Tuesday, September 24, 2013

Like a Rock

I was never much of one for symbolism, whether written or painted; to me, a bird meant a bird not a supernatural omen of oppressive forces or whatever. I prefer to be more overt.

So when I took a class in lithography and made an image of my hand, wrist cut open and spewing out Stabbing Westward lyrics which were not covert in their suicidal themes, one would think, "oh she is really depressed". Yet it occurred to no one, not even me at the time.

Let me preface this with a fact: I was not and never have been suicidal. But maybe the subconscious artistic side of me had some issues, that I will never know.

The lithograph announced to the world, "I'm depressed, detached, help" yet like the rock it was made on, it stayed silent, cold, impenetrable like myself.

Have you even done stone lithography? First you get a 70-100 pound limestone rock. Then, you use a huge metal circle with a handle, add grinding sand to the rock, and like a tilt-o-whirl, you use the circle to whirl away rough spots and it takes hours of muscle-tiring effort to erase previous images, bumps, imperfections. Once dry, you use different specialty brushes and tools to paint an image on the rock; erasing or re-doing your image is not an option so there's no turning back, mistakes will be permanent. After drawing, you add wood rosin to the stone, and then you mix gum arabic with acid (hands shaking as you pour the acid, trying not to focus too much on the warnings- caution, poison, toxic, danger, severe burns, combustible, fire and brimstone......) and brush on the toxic cocktail, more in dark areas, less in light. It etches the design permanently in stone. Eventually you roll on ink and use a bone crushing press to make newsprint copies, crappy copies, and finally a few good prints before going over the stone with the circle-sander thing, doing your best to remove all traces of your image so they don't appear as ghost images in your next design.
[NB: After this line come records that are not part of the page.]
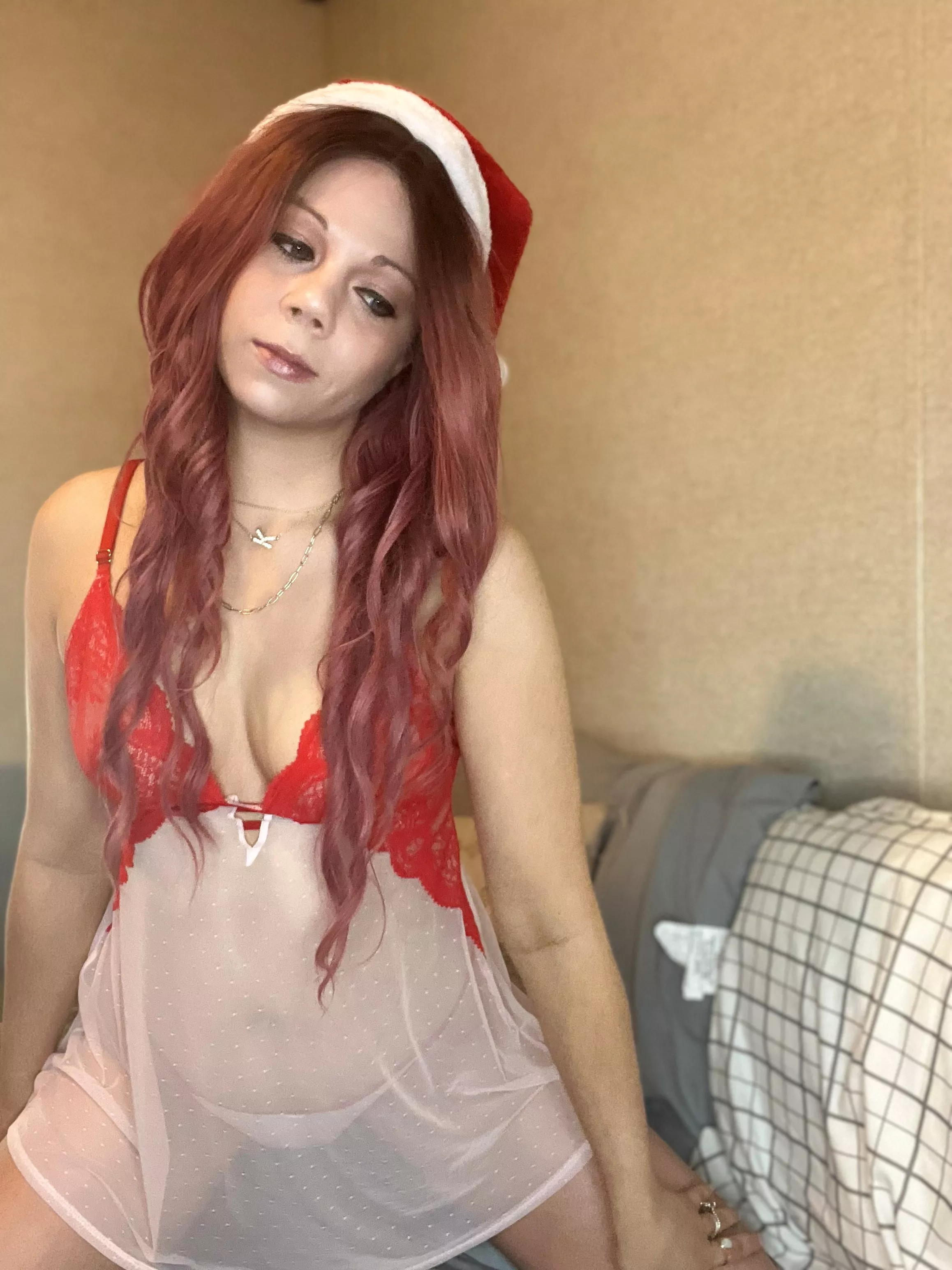 [Selling] HAPPY HOLIDAYS!!🎄🎄Just an innocent girl who's discovered a naughty side😏😉 I OFFER...CUSTOMS🎄LIVE SEXTING🖤PREMADES🎄GIRLFRIEND EXERIENCE🖤PANTIES& MORE! KIK: NovahKnight SNAPCHAT: novvahknight TEL: novahknight1005 🎄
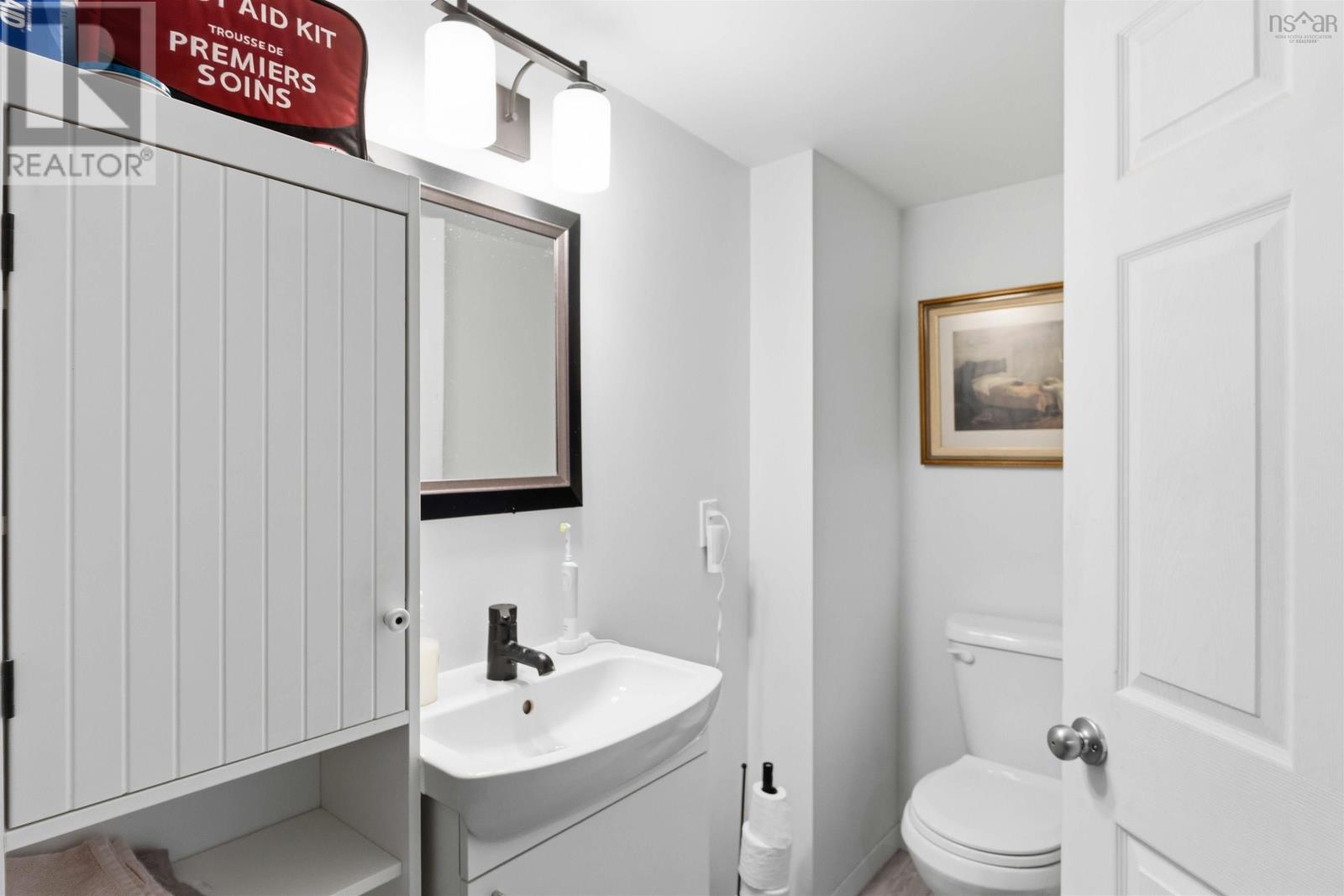 9 Freeman Street Property Photo 32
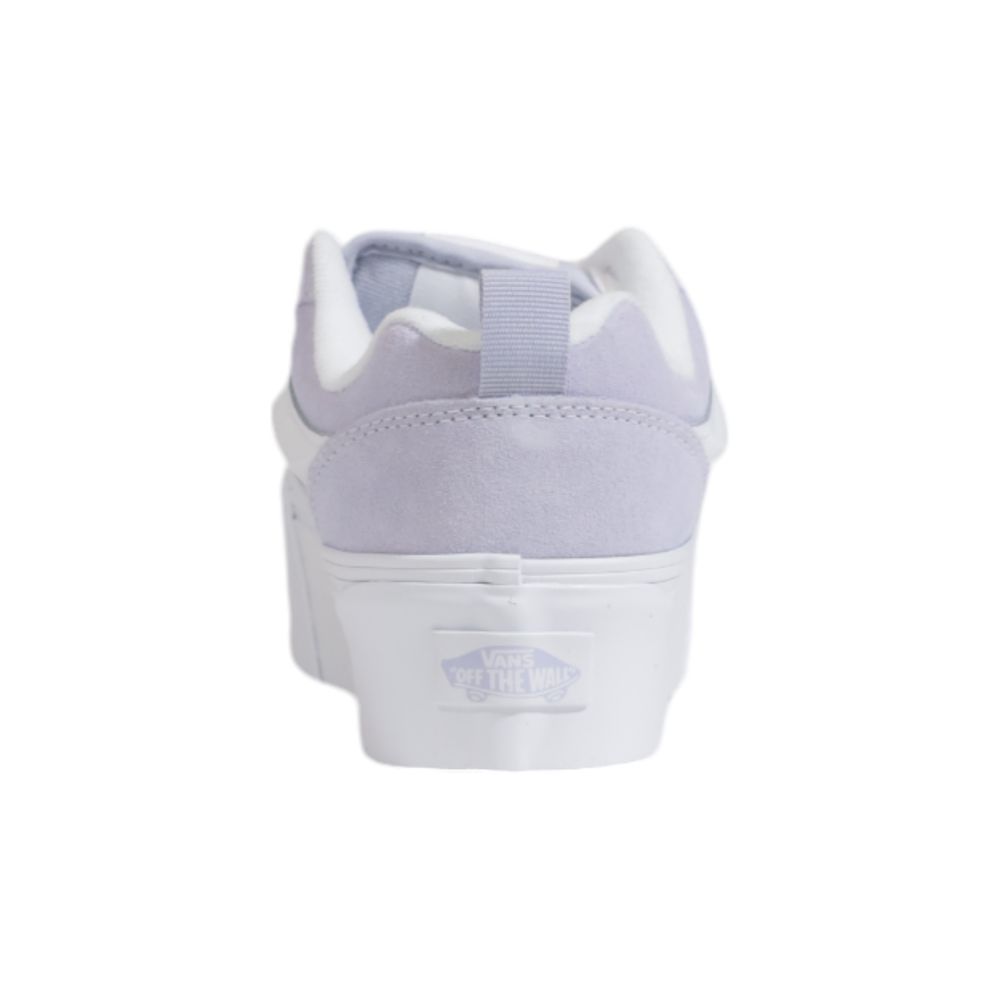 Lila Wildleder-Sneaker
I hated that lithography class. A lover of art, that class simply sucked. It was so much work with so little result, with so much potential for not just mistakes such as a blurry image, but crushed fingers, acid burns, damaged lungs.

I see this class now as a symbol for the depression I later was diagnosed with and treated for. Yep, my loathing of symbolism is here to smack me in the face.

Making a lithograph (image from australianmuseum.net.au)
I felt like I was too much work for too little result. I felt heavy, cold, like stone. I felt like every little move, thought, action, would result in doom and gloom. I was pretty sure I carried around invisible warnings like the acid bottle, "caution, corrosive, poison". I felt like my mistakes were permanent, ghost-like un-erasable images clouding the real me. I was the ugly newsprint print, faded, thrown away.

I found my litho print a few years ago, and wasn't surev what to think. I was a little indignant- why did no one say "hey are you ok?" I was a little humored, "ha ha silly old me" and partly saddened, reflecting back on those dark days. I threw away the print, as if tossing away the last bits, the ghostly image seeping through, to say, I'm done. I haven't felt depressed like that since then; it is manageable and I can say I am generally happy. The person that drew that hand seems like someone else, not me, and I'm perfectly fine with feeling alienated from her.

But I still think lithography
sucks.

14 comments:

  1. Symbolism is often the subconscious mind screaming to the heavens; that is why psychologist use ink blots and such. But even Freud knew that sometimes, a cigar is just a cigar. A crapshoot. Glad that you are not in that place anymore!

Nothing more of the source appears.